Give back exactly the line that contains "20 Photograph of" and all the lines after it in the records below, to the very last, with no other output.

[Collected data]
····················
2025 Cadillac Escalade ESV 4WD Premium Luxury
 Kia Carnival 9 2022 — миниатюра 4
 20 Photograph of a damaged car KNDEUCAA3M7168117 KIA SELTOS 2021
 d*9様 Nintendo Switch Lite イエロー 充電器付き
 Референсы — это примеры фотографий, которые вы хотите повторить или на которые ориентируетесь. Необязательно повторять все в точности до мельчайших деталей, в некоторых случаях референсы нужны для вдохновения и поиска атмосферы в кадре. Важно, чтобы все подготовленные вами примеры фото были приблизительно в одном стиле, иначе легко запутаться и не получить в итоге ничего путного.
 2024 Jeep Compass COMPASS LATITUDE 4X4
····················
**The completed task**
 20 Photograph of a damaged car KNDEUCAA3M7168117 KIA SELTOS 2021
 d*9様 Nintendo Switch Lite イエロー 充電器付き
 Референсы — это примеры фотографий, которые вы хотите повторить или на которые ориентируетесь. Необязательно повторять все в точности до мельчайших деталей, в некоторых случаях референсы нужны для вдохновения и поиска атмосферы в кадре. Важно, чтобы все подготовленные вами примеры фото были приблизительно в одном стиле, иначе легко запутаться и не получить в итоге ничего путного.
 2024 Jeep Compass COMPASS LATITUDE 4X4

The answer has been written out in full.